Jakarta, Caber.id – Calon Wakil Wali Kota Palopo nomor urut 4, Akhmad Syarifuddin Daud (akrab disapa Ome), menghadiri sidang pemeriksaan sengketa hasil Pemungutan Suara Ulang (PSU) Pilkada Palopo di Mahkamah Konstitusi (MK), Jumat (4/7/2025).

Sidang ini merupakan kelanjutan dari gugatan pasangan calon nomor urut 3, Rahmat Masri Bandaso–Andi Tenri Karta (RahmAT), yang mempersoalkan syarat pencalonan pasangan Naili–Akhmad Syarifuddin, peraih suara terbanyak pada PSU.

Pokok sengketa yang diajukan RahmAT berkaitan dengan status hukum Ome, yang dinilai tidak memenuhi syarat sebagai calon karena pernah dipidana pada 2018. Saat mendaftar ke KPU, Ome menyerahkan surat keterangan tidak pernah terpidana dari Pengadilan Negeri (PN) Palopo.

Namun, belakangan diketahui bahwa surat tersebut dikeluarkan akibat kekeliruan sistem. Melalui Humas PN Palopo, Iustika Puspa Sari menjelaskan bahwa sistem tidak bisa membaca riwayat pidana Ome.

“Terjadi kesalahan sistem karena perbedaan penulisan nama, di surat keterangan yang diajukan atas nama “Akhmad Syarifuddin”, sementara dalam data pidana tercatat sebagai “Dr. Akhmad Syarifuddin,” ucap Iusitika Puspa.

Menanggapi temuan tersebut, Bawaslu Palopo mengeluarkan rekomendasi pelanggaran administrasi. KPU kemudian meminta Ome untuk memperbaiki syarat pencalonan dengan mengumumkan status pidananya secara terbuka.

Hal ini kemudian dijadikan dasar gugatan RahmAT ke MK, yang menilai perbaikan administrasi tersebut dilakukan tidak sesuai jadwal dan tahapan Pilkada. Gugatan ini teregistrasi dengan nomor 17/PAN.MK/e-AP3/06/2025.
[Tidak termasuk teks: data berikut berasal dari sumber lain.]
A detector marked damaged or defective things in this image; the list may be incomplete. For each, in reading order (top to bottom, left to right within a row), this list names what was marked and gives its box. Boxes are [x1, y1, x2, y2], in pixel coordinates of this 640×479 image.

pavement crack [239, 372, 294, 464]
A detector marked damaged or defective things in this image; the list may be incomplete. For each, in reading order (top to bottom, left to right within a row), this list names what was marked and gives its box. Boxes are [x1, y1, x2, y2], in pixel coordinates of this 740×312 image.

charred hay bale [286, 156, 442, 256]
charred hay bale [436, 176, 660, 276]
Dalam sidang, Hakim MK Saldi Isra secara langsung menanyakan alasan Ome tidak menyampaikan riwayat pidananya sejak awal pada pilkada Palopo di tahun lalu.
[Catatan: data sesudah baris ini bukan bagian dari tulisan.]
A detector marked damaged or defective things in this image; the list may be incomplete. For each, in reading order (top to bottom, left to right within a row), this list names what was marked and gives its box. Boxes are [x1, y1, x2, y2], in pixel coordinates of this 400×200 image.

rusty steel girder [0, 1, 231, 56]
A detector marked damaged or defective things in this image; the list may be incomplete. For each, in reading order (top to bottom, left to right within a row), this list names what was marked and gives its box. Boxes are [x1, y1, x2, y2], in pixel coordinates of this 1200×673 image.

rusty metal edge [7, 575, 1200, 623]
“Siapa yang menyampaikan kepada Bapak bahwa tidak perlu mengisi keterangan pernah terpidana?” tanya Saldi.

Ome menjawab bahwa pihaknya telah berkonsultasi dengan KPU sebelum melengkapi dokumen.

“Setelah kami menyerahkan surat keterangan dari PN Palopo, tidak ada pemberitahuan dari KPU atau Bawaslu bahwa dokumen itu keliru. Namun, sebelum pendaftaran PSU, kami secara sadar mengumumkan status pidana itu melalui media massa, media sosial, dan ruang publik,” jelasnya.

Ome juga menegaskan bahwa status pidananya tercantum dalam SKCK, meski tidak muncul pada surat dari pengadilan karena kekeliruan sistem.

“Saat isu soal ketidakjujuran mulai berkembang, kami mengambil inisiatif untuk menyampaikan secara terbuka bahwa kami memang pernah menjalani pidana,” tegasnya.

Sidang sengketa ini masih berlanjut, dan putusan MK akan menjadi penentu keabsahan hasil PSU Pilkada Palopo 2025.